Wrestling with the Virgin - Almscliff and West Chevin

The weather looked pretty rubbish for a session at Almscliff. Windy with a real threat of rain. I drove in through a light shower with expectations lower than an investment banker's morals. Craig was at Low Man looking equally unimpressed by the weather. We warmed up and agreed there was only one thing for it, we had to prostrate ourselves under the Virgin Traverse. A Cliff classic, 30 odd feet of overhanging roof traverse at font 6C, it's a beast.

We got stuck in, and here is the rub with this problem, every move is possible there are just lots of them. Every time we got a little further, every go sapped power at an alarming rate. You climb like a sloth towing your feet, wedging them in a slot trying to keep the weight off your arms as much as you can.
On about go four I pretty much made the corner at two thirds distance, which is a shuffle in the right direction although word is it gets hard from there. Craig who hasn't paid homage as much as I have was half a move further back. Its a compelling problem we will return.

We cut our Virgin losses and did a few bits more. That wall to the left of Matterhorn Arete went again. We both flashed it, which is good as it took me over a year to work it out. Craig flashed that slappy, quality, one move wonder by the bottom wall, I should have been annoyed, but his beta was good so I have a new sequence to try with fresher arms. The wind rose, our enthusiasm waned so we did a bit more and then gave it best. The friction had been fantastic for June and the progress way better than either of us imagined, a good session.
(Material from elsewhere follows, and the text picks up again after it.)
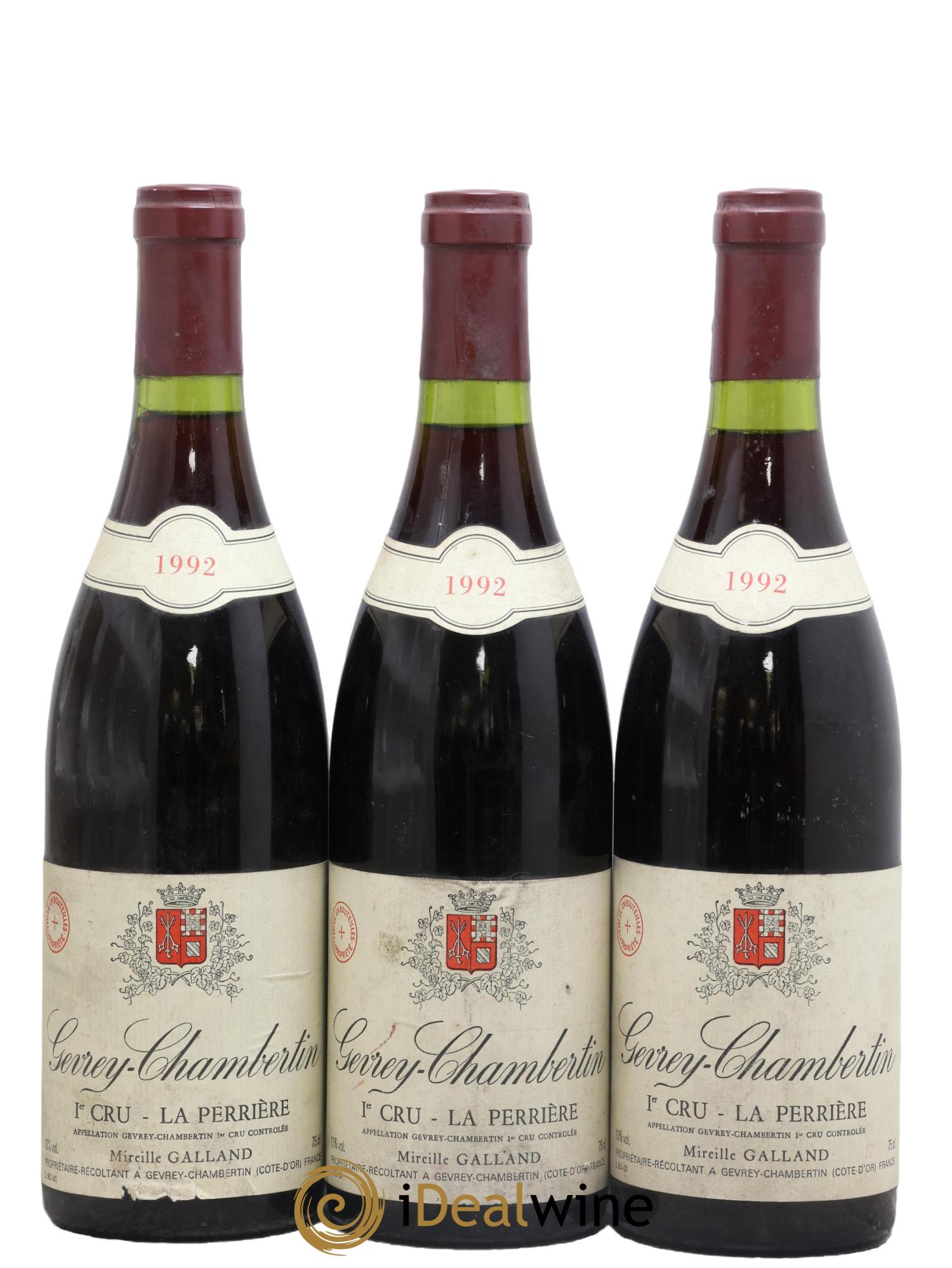 Gevrey-Chambertin 1er Cru La Perrière Mireille Galland 1992 - Lot de 3 bouteilles - 0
I headed off to Bingley to pick up the boys from my in-laws, but an idea was gnawing away in my head. I wasn't happy with progress I wanted to send something so work would seem more bearable in the morning. I headed for Otley's West Chevin and the vague promise of a punter's paradise

I found the right walk in this time, although crocs and a cow muck filled swamp made for smelly memories and destroyed a pair of socks. I assumed it would all be drenched from the weeks flood and I was on a fools errand. I got to the boulders and they were bone dry, the wind had whipped through the trees and the friction was spot on.

Barn door is the left arete, Super Central is straight up the middle from the mat
I got to work on Barn Door which I thought I had got last year, it turns out I was climbing the wrong side. Its a lovely little arete problem that is an awkward font 5. It took me a few goes as I barn-doored off gracefully, then the right approach was found, I found a sidepull to work with, a quick slap and it was done. Super Central gave in a little more easily even with my aching arms screaming. I felt a bit happier now and headed off for my tea no longer a West Chevin virgin.